After decades with a local tied to national firm, we pulled the trigger & went to another advisor. Over the years it appeared that the quarterly 1hour advisor sessions had turned into simply a neighborly chat especially when markets & funds were down.

And few years ago I suppose due to regs we had to start paying separate annual fee for these sessions.

And at some point advisor offered/ suggested to allow the BIG BOYS at their national level to manage our accounts. We agreed since the BIG BOYS HAD to do better, right?

Not so much. I’m cynical but maybe this was to remove blame from local office & paying them a visit? 🙃

Not to sound spooky but last year I had a dream about how bad it was/ would be going with this firm. No kidding.

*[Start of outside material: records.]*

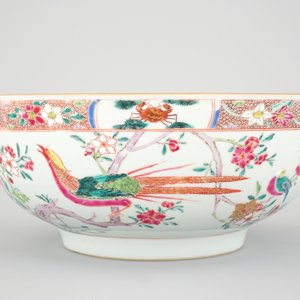 A large Chinese famille rose export porcelain bowl with pheasants, Qianlong, 18th C. — foto 1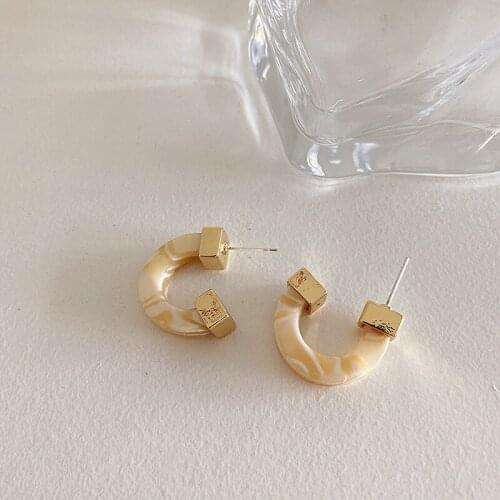 Unique Design U Shape Leopard Resin Hoop earrings for Women Girls Textured Metal Geometric Open Vintage earrings Jewelry Gifts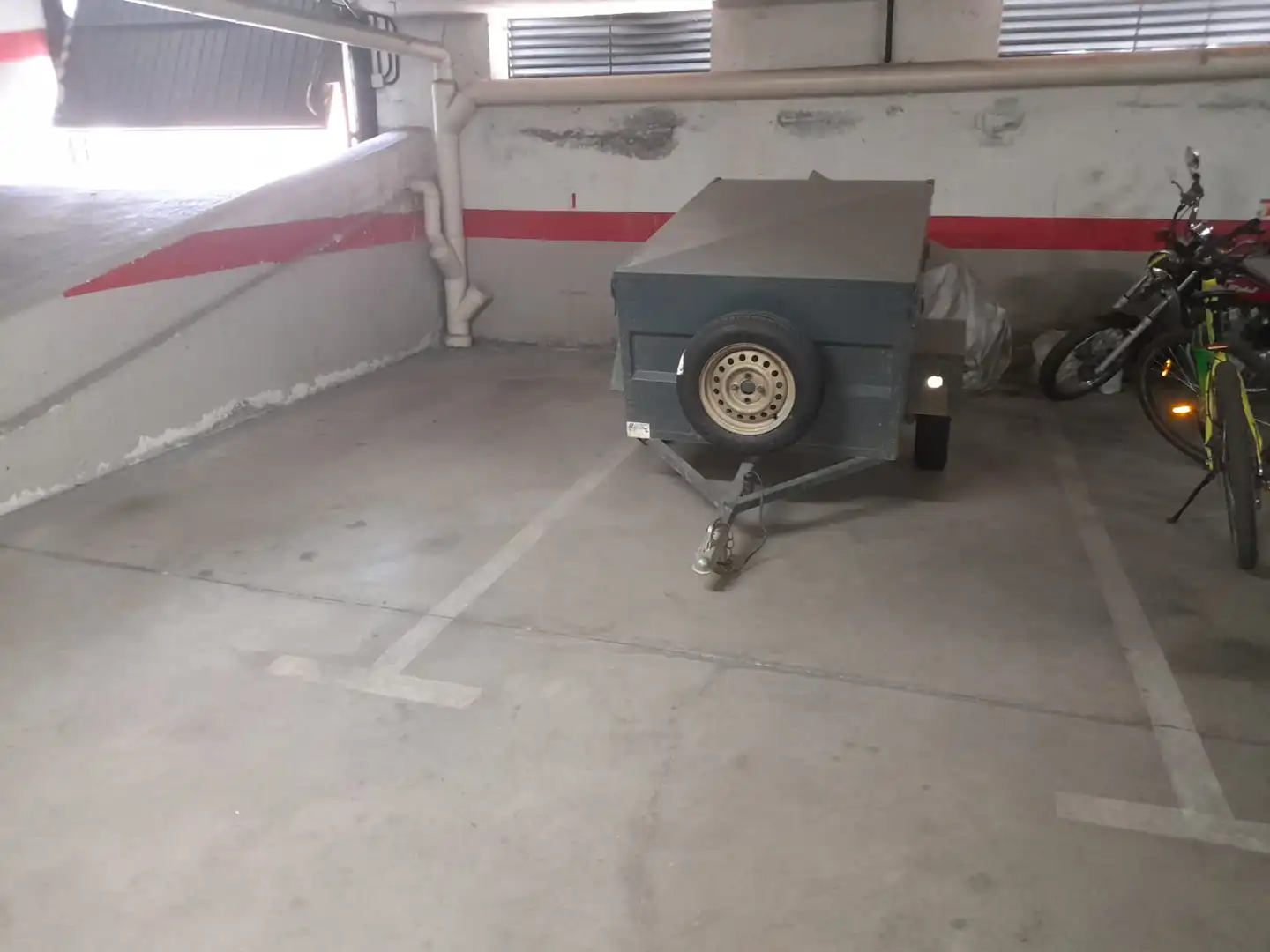 Parkplatz von Garage zur Miete in Brunete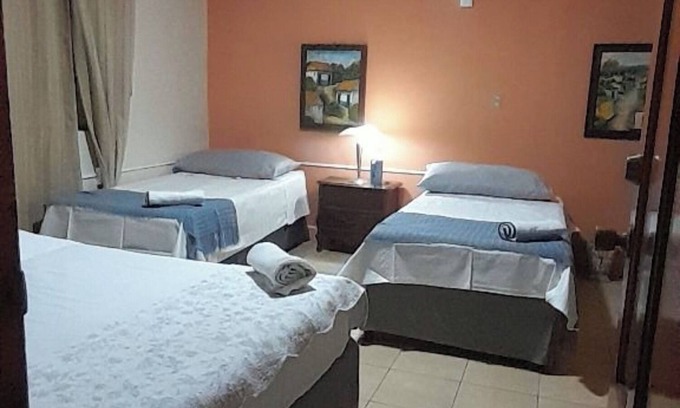 Leon House | RELAX IN WARM ROOMS AND SPACE TO REST COMFORTABLY.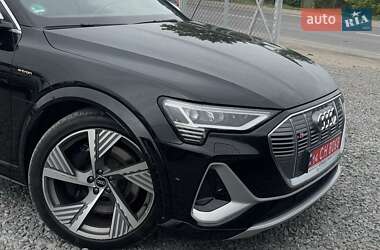 Внедорожник / Кроссовер Audi e-tron S 2022 в 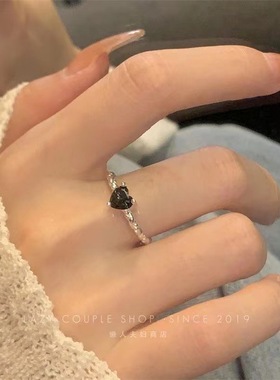 日式清冷感~黑色爱心锆石戒指女ins冷淡风小众高级感开口指环2023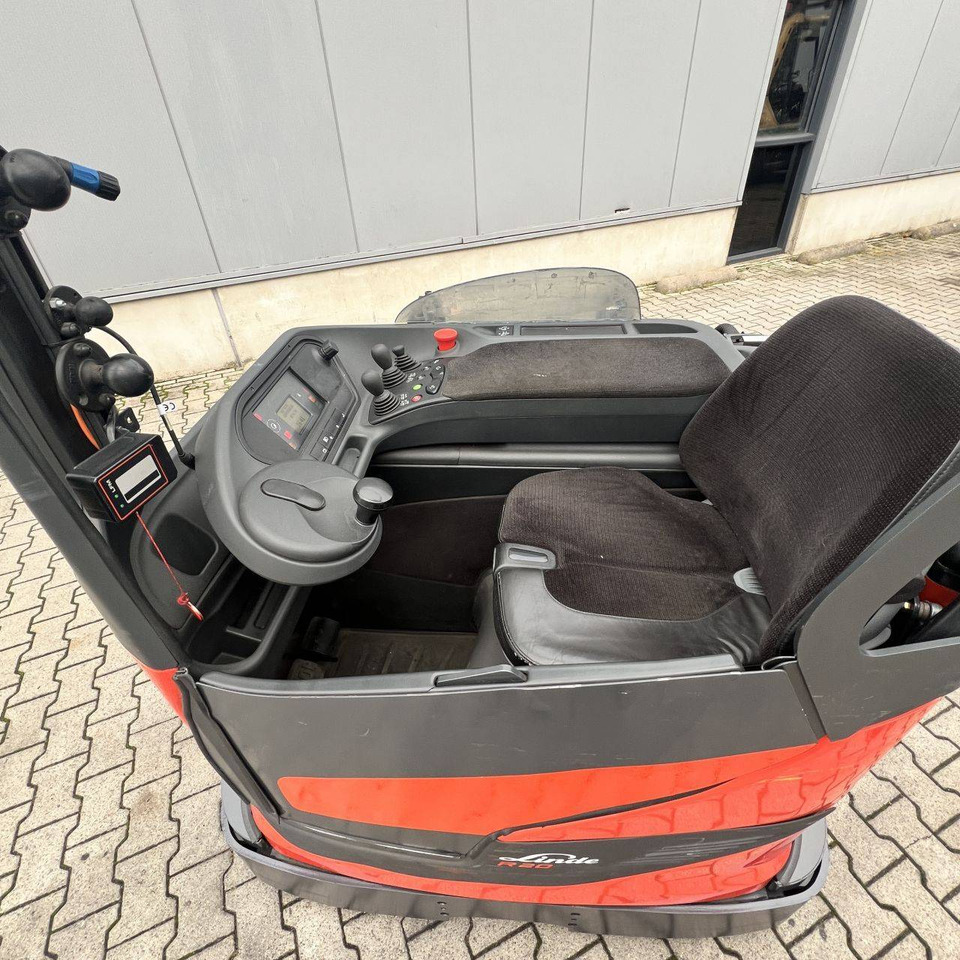 Leasing de Linde R20W (1120) Linde R20W (1120): foto 6 Leasing de Linde R20W (1120) Linde R20W (1120): foto 6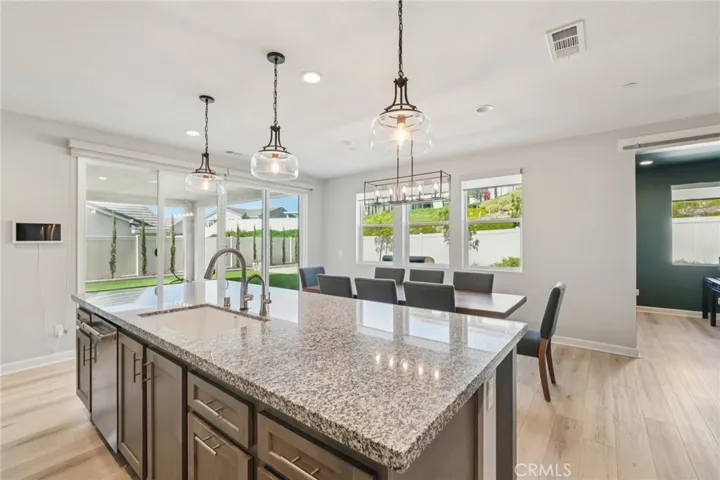 Large island with seating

For past 2-3 years our CPA found errors in the amounts deposited in retirement accounts OVER our allowed. The CPA never said- leave & don’t look back, but as I’m slow, it eventually soaked in.

We used one of the recommendations from our accountant after I ASKED for it.

The new group seems like a solid fit. While new group did not directly criticize the previous decisions etc. They did wonder WHY there were SO MANY different accounts.

I suspect churn & commission generation but we have moved on. Life is too short to worry or be bitter about anything friends.

Sorry for long post, but LISTEN TO YOUR GUT.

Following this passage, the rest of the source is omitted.